Take the line containing "Aerobic plan crooked" through the last line of the data and retype those lines exactly. Pictures do not belong in the copy.

• • • • •

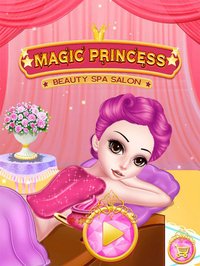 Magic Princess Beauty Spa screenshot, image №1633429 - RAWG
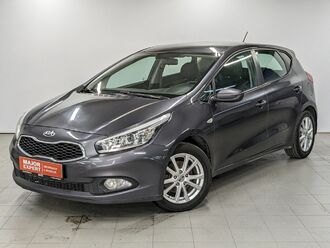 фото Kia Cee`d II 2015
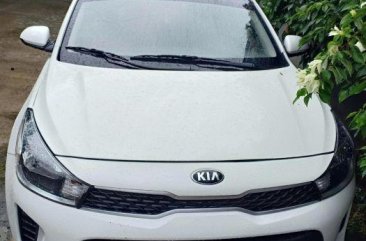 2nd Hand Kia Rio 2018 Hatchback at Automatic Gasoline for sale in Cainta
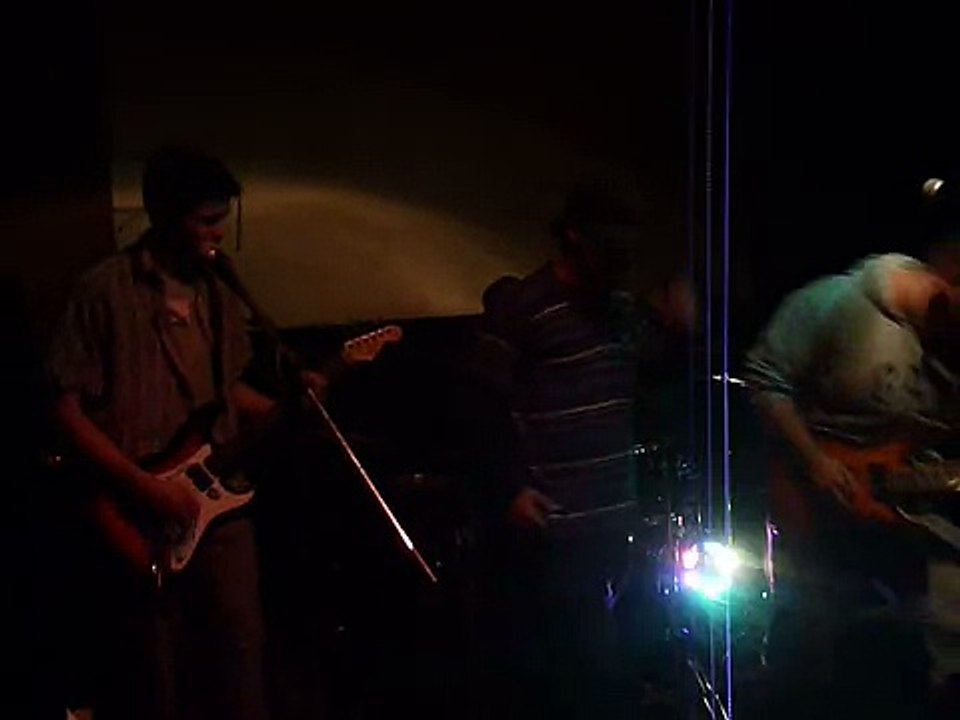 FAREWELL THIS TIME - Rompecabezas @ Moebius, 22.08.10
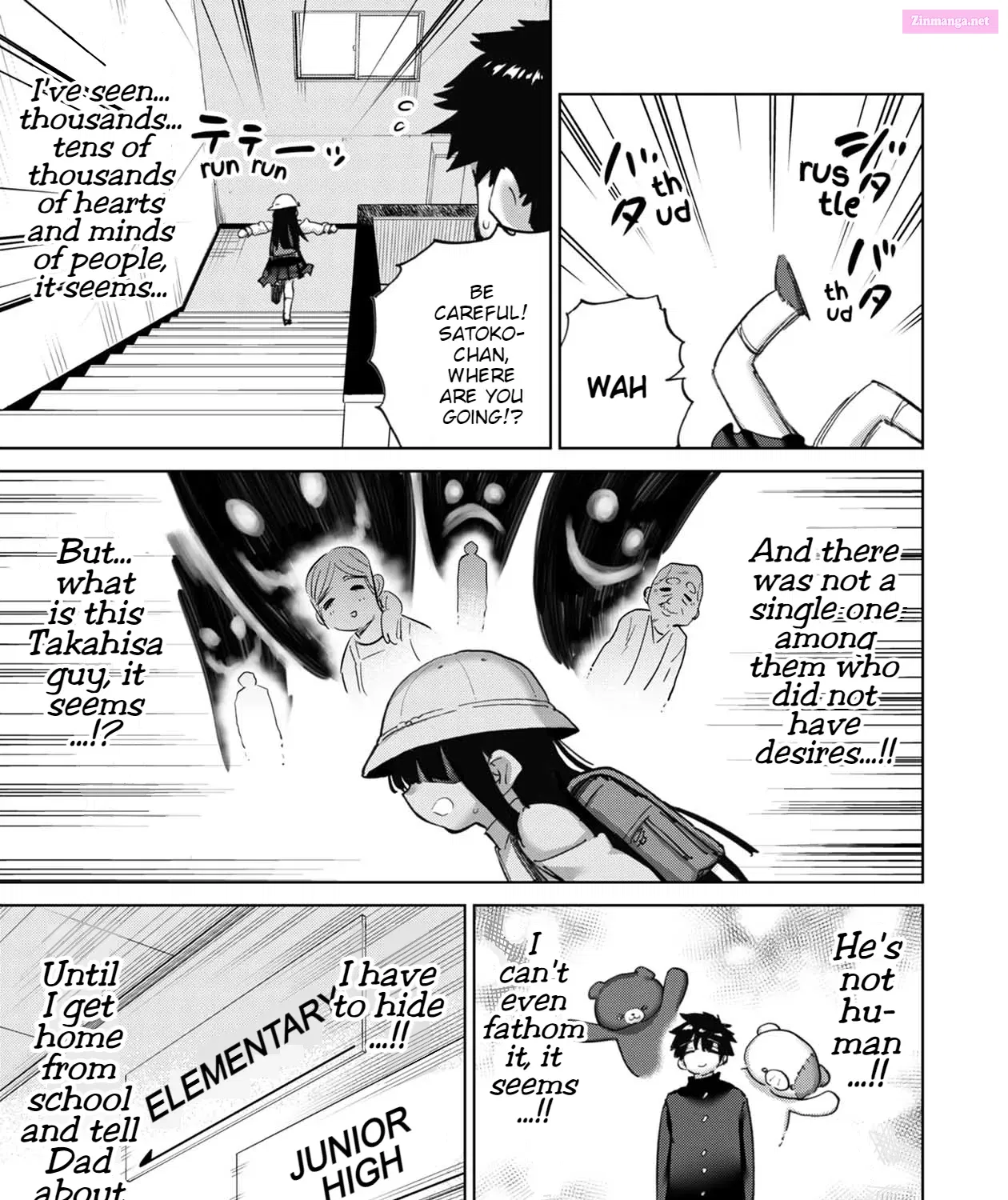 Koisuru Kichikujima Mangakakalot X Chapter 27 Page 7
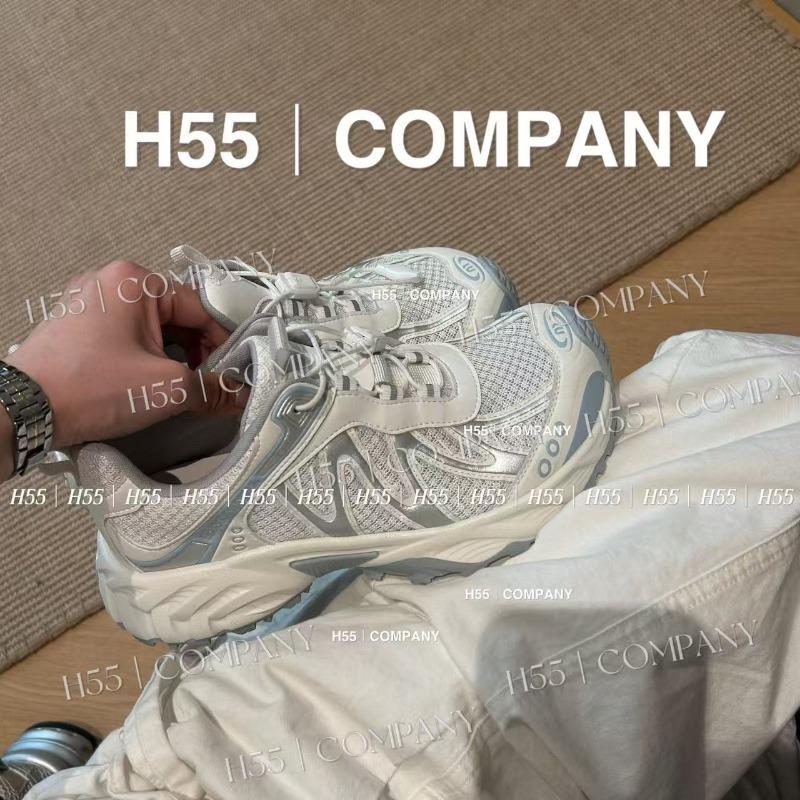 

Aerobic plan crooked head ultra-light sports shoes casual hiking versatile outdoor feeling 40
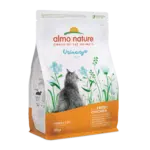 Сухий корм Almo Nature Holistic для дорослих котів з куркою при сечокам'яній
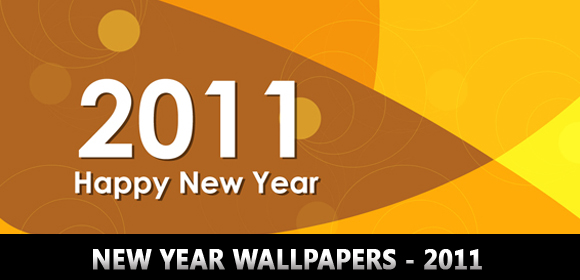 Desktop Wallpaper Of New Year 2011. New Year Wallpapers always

• • • • •

* Exercise answer
Aerobic plan crooked head ultra-light sports shoes casual hiking versatile outdoor feeling 40
 Сухий корм Almo Nature Holistic для дорослих котів з куркою при сечокам'яній
 Desktop Wallpaper Of New Year 2011. New Year Wallpapers always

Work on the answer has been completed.